Post-Graduate School of Pediatrics, University of Florence, Florence, Italy.
Department of NEUROFARBA, University of Florence, Florence, Italy.
Ital J Pediatr. 2020 Nov 13;46(1):169. doi: 10.1186/s13052-020-00933-1.
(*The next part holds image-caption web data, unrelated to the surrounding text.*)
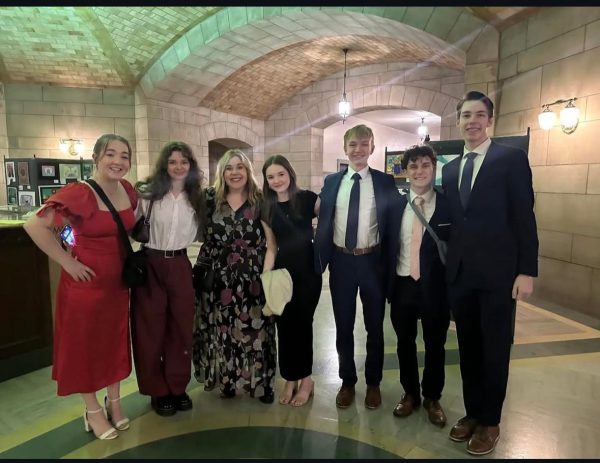 Titans advocate for theater at the State Capitol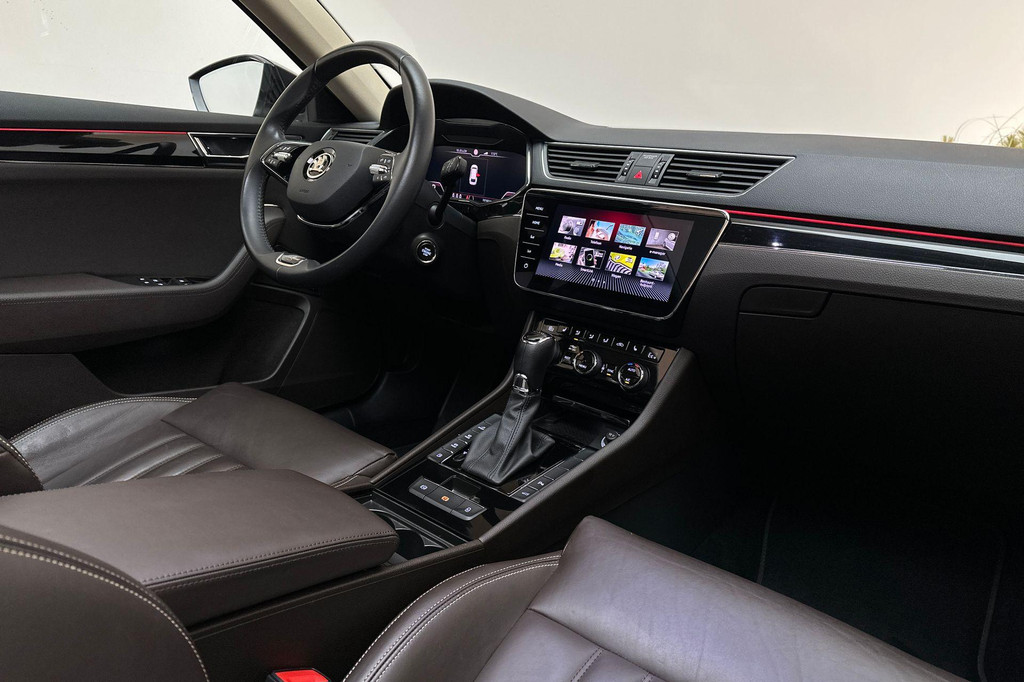 ŠKODA Superb (JPD13S) met abonnement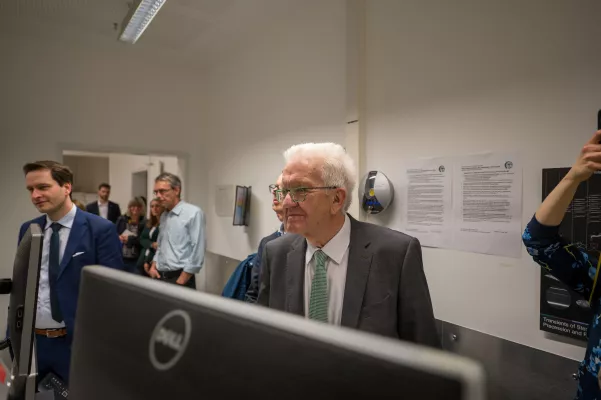 Bild: Baden-Württembergs Ministerpräsident Winfried Kretschmann würdigt Spitzenforschung der Tübinger Max-Planck-Institute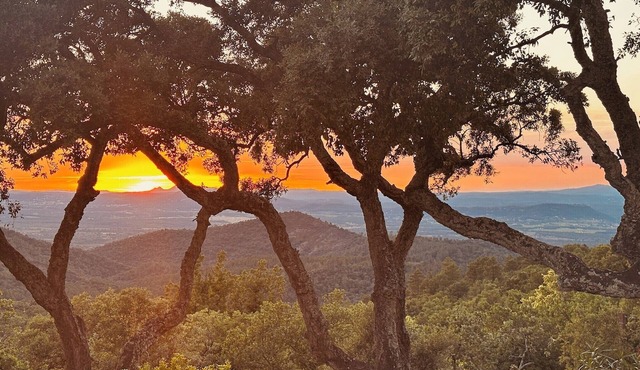 Provençal Villa with Spectacular Views and Private Pool, Sleeps 6 - 10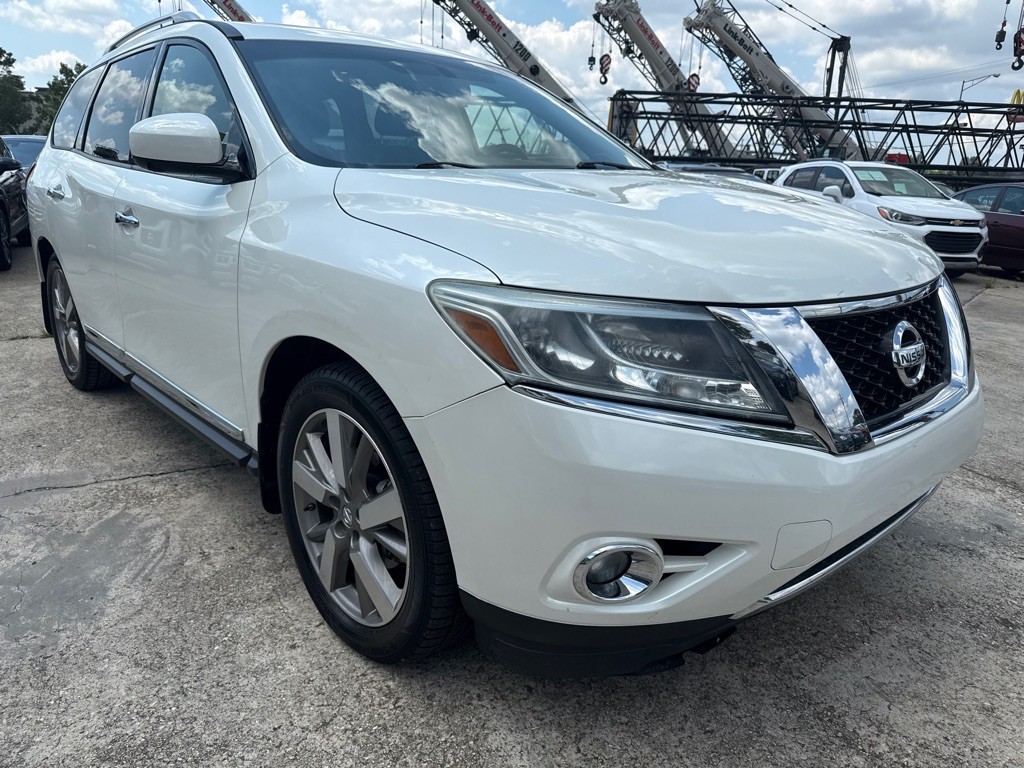 2015 Nissan Pathfinder Image 4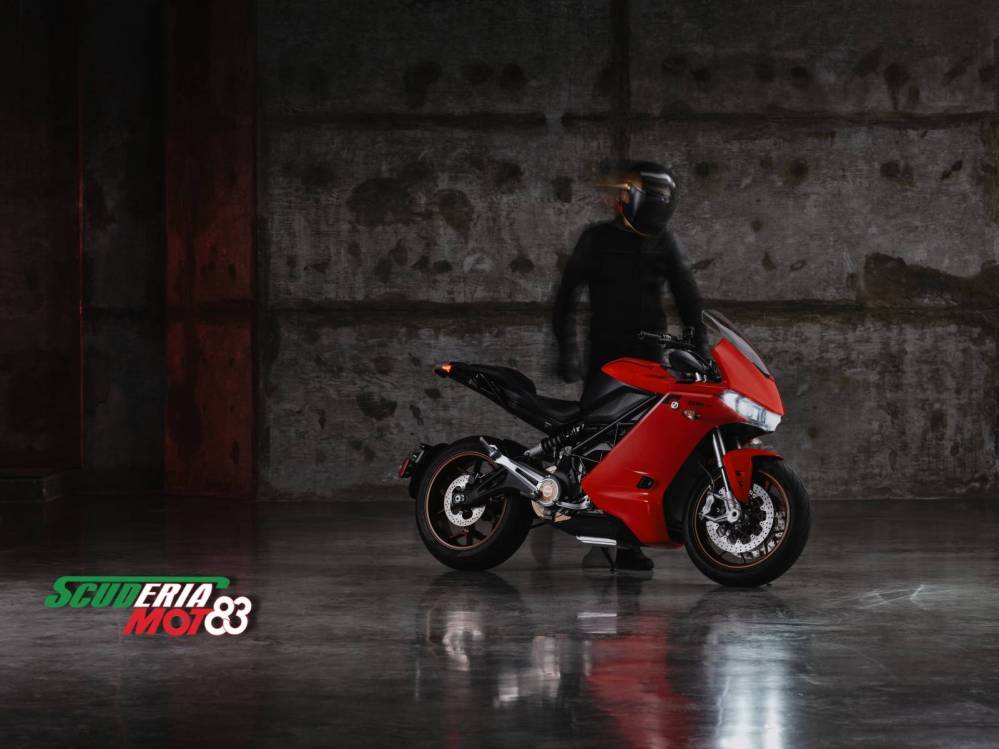 1600x900MY24SRSStudio0208jpg_659d1fa85359d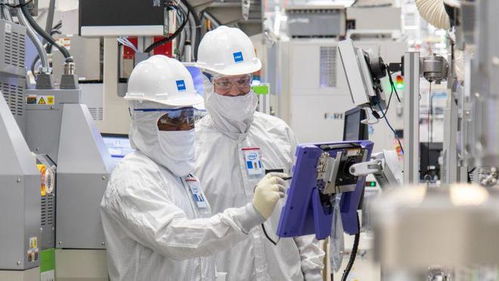 英特爾愛爾蘭工廠完成關鍵設備安裝調試，正式啟動Intel 4芯片生產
SAPHO (synovitis, acne, pustolosis, hyperostosis and osteitis) syndrome is a rare autoinflammatory chronic disorder, presenting with non-infectious osteitis, sterile joint inflammation and skin manifestations including palmoplantar pustolosis and severe acne. It could be often misdiagnosed for its heterogeneous clinical presentation. Treatment is challenging and, due to the rarity of this syndrome, no randomized controlled clinical trials have been conducted. Empirical treatments, including non-steroidal anti-inflammatory drugs (NSAIDs), corticosteroids, antibiotics and bisphosphonates and disease-modifying anti-rheumatic drugs (DMARDs) could be quite effective. Anti-tumor necrosis factor-alpha (anti-TNF-α) agents and interleukin-1 (IL-1) antagonists have shown promising results in refractory patients. Isotretinoin, commonly used for severe acne, has been rarely described as possible trigger of osteo-articular manifestations, in particular sacroiliitis.
The case of a boy, affected by acne fulminans and depression, who presented with sacroiliitis after a 10-week treatment with isotretinoin is presented. After SAPHO diagnosis, NSAIDs therapy was started but the onset of bilateral gluteal hidradenitis suppurativa required the switch to a TNF-α antagonist (Adalimumab) with the achievement of a good control of the disease. Despite specific therapy with sertraline, the patient continued to complains severe depression.
Our case reports a temporal association between the onset of osteo-articular symptoms and the introduction of isotretinoin, as previously described. However, this timeline is not sufficient to establish a causal role of this drug into the pathogenesis of sacroiliitis. At this regard, further studies are required. The occurrence of hidradenitis suppurativa during SAPHO course supported the introduction of TNF-α blockers with a favourable result, as reported in a few cases in literature. The association between SAPHO syndrome and depressive mood disorders is already reported. Our patient experienced severe depression whose trend seems to be independent from the course of the main disease. Currently, it is not clarified if depression could be considered reactive to the underling disease or if it forms an integral part of the autoinflammatory disorder.
SAPHO(滑膜炎、痤疮、脓疱病、骨肥厚和骨炎)综合征是一种罕见的自身炎症性慢性疾病,表现为非感染性骨炎、无菌性关节炎症和皮肤表现,包括掌跖脓疱病和严重痤疮。由于其临床表现异质性,常被误诊。治疗具有挑战性,由于该综合征罕见,尚未进行随机对照临床试验。经验性治疗,包括非甾体抗炎药(NSAIDs)、皮质类固醇、抗生素和双膦酸盐以及改善病情的抗风湿药(DMARDs)可能非常有效。抗肿瘤坏死因子-α(抗 TNF-α)药物和白细胞介素-1(IL-1)拮抗剂在难治性患者中显示出有希望的结果。异维 A 酸,常用于严重痤疮,很少被描述为骨关节表现,特别是骶髂关节炎的可能触发因素。
介绍了一名男孩的病例,该男孩患有暴发性痤疮和抑郁症,在接受异维 A 酸治疗 10 周后出现骶髂关节炎。在诊断为 SAPHO 后,开始使用 NSAIDs 治疗,但双侧臀疝性汗腺炎的发作需要改用 TNF-α拮抗剂(阿达木单抗),从而实现疾病的良好控制。尽管使用舍曲林进行了特异性治疗,但患者仍持续严重抑郁。
我们的病例报告了骨关节炎症状与异维 A 酸引入之间的时间关联,如前所述。然而,这种时间线不足以确定该药物在骶髂关节炎发病机制中的因果作用。在这方面,需要进一步的研究。SAPHO 病程中发生汗腺炎支持引入 TNF-α 阻滞剂,这在文献中已有少数病例报道。SAPHO 综合征与抑郁情绪障碍之间的关联已有报道。我们的患者经历了严重的抑郁,其趋势似乎与主要疾病的病程无关。目前,尚不清楚抑郁是否可以被认为是对潜在疾病的反应,还是它是自身炎症性疾病的一个组成部分。